Así como sus virtudes con la pelota lo llevaron a ser único, diferente y, a juicio de buena parte de la prensa y la opinión pública mundial, el más grande futbolista de todos los tiempos, Diego Armando Maradona también era un ser absolutamente distinto a lo normal fuera de la cancha. No hay quien atesore o comparta alguna anécdota personal con “El Diez” que sería de difícil credibilidad si el protagonista no fuese otro que él. Enumerar o explayarse sobre esas historias de vida reales sería inmiscuirse en un libro lleno de sorpresas, admiración, magia y fantasía a la enésima potencia.
Cual superhéroe de historietas, “El Diego” todo lo podía y lo pudo, y si no que lo testifiquen los Tifossi del Nápoli, una ciudad que cayó rendida a sus píes, o todos los argentinos que lo vieron brillar como ningún otro con la celeste y blanca en el pecho. Tampoco podemos excluir de la lista a los hinchas de Argentinos Juniors -el club que lo vio nacer-, Barcelona, Sevilla, Newell's Old Boys y Boca, todas las camisetas que él, “el hijo de Dios”, vistió durante sus 21 años de carrera profesional. Ni a las instituciones donde se calzó el buzo de DT, ese con el que pisó una cancha de fútbol por última vez, semanas atrás, justo en el día de su cumpleaños número sesenta.
Y si a cualquier futbolista que le tocó compartir una cancha con él, ya sea compañero o rival, recordará el momento como “inolvidable”, quienes lo frecuentaron en la vida cotidiana también quedaron subyugados por su áurea, su magnetismo y esa fidelidad absoluta a una forma de ser.
Diego difícilmente se olvidaba de alguien si lo cruzó alguna vez en su camino, y el repertorio de sus ocurrencias asomaba con la misma velocidad con la que se deshacía de un rival en el césped. Afable, cálido y compinche si su olfato sensorial se lo sugería, los excesos opacaron muchas de sus jornadas esplendorosas.
Cuántos secretos protegerá con legitimidad absoluta Guillermo Coppola (72) sobre la vida íntima de Diego, tanto de los que se pueden contar como de los que no. Su retiro de las canchas, celebrado con un partido de despedida en la Bombonera, en noviembre de 2001, pero efectivizado en octubre de 1997 durante un River-Boca en el Monumental, fue el comienzo de una ciénaga que, poco a poco, lo fue atrapando en sus redes. Su faceta de Director Técnico lo rescató de la oscuridad en varias oportunidades, aunque el golpe de la eliminación argentina, en Sudáfrica 2010, fue una afrenta de compleja digestión.
Un sinfín de personajes, entre oportunistas y quienes lo quisieron de verdad, lo acompañaron por una hoja de ruta tan vertiginosa como incierta y cambiante. Nadie de ese entorno era capaz de decirle que “no” a Maradona cuando la obsecuencia lo seducía, y su familia pasó a ser parte de una simbiótica relación de”amor-odio”.
Enfrentado jurídicamente con la mujer de su vida, Claudia Villafañe, fueron sus hijas, esas “nenas” a las que siempre invocó en sus juramentos, las que más bregaron en los últimos años por recuperar a su padre.
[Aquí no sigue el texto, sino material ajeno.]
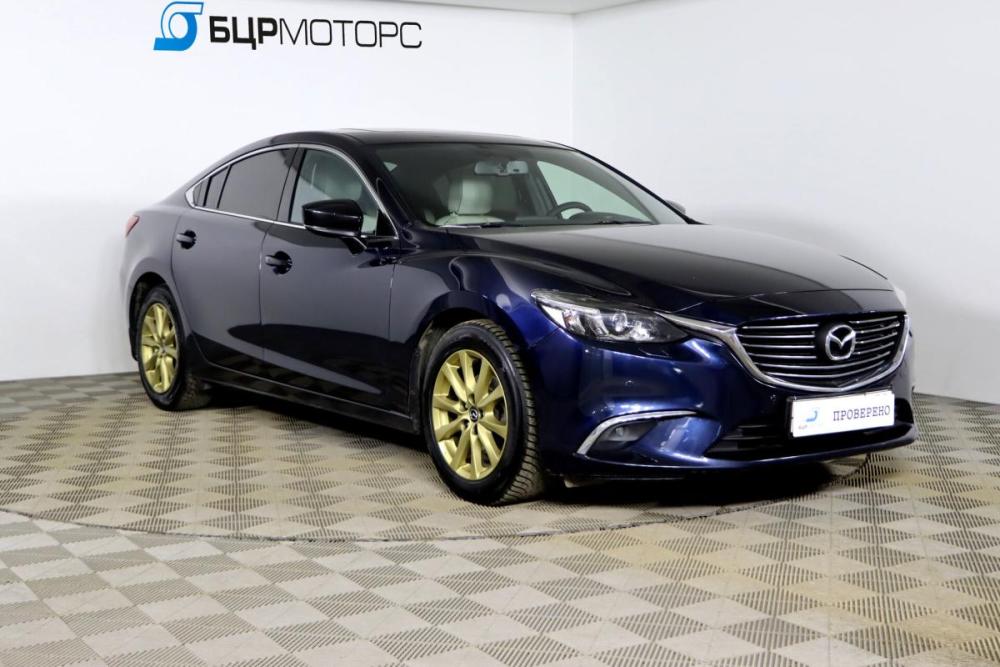 Mazda 6 III (GJ) Рестайлинг Нижний Новгород  - изображение 3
Dalma (33) y Gianinna Maradona (31) crecieron con el convencimiento de ser las únicas herederas del astro, pero el tiempo las fue distribuyendo dentro de una línea sucesoria que siempre dio lugar a una sorpresa más.
Oficialmente, el ex futbolista reconoció a otros tres herederos: Diego Sinagra Maradona (32), fruto de su relación en Napoli con Cristiana Sinagra; Jana Maradona (24), producto de su romance con la moza Valeria Sabalain, y Diego Fernando Maradona (7), concebido con quien fue una de sus parejas más convincentes, Verónica Ojeda. Además, durante los cinco años que vivió en Cuba, entre el 200 y el 2005, Diego habría sido el padre de tres hijos de dos madres diferentes, aunque sus identidades nunca fueron validadas por el “Diez”.
Una vida personal intensa que tuvo como última compañera a la futbolista Rocío Oliva, quien después de separarse decidió reclamarle dinero a modo de indemnización legal. De Rocío se distanció a fines del año pasado, y en el presente año, su corazón se tomó un respiro aún más con la llegada de la socavante pandemia.
Si los años lo fueron haciendo cada vez más inmortal, sus recientes problemas de salud parecían formar parte de una historia conocida que siempre decantaba en “final feliz”. Sólo quienes estaban al tanto de los últimos acontecimientos se guardaban un lugar para la preocupación. Hasta que el hechizo se rompió. Su corazón dijo basta y, más allá de lo que digan las autopsias, sufrió las consecuencias de tanta revolución. La mortalidad aún no tiene remedio, y el hijo de Dios se encargó de confirmar que nunca lo tendrá.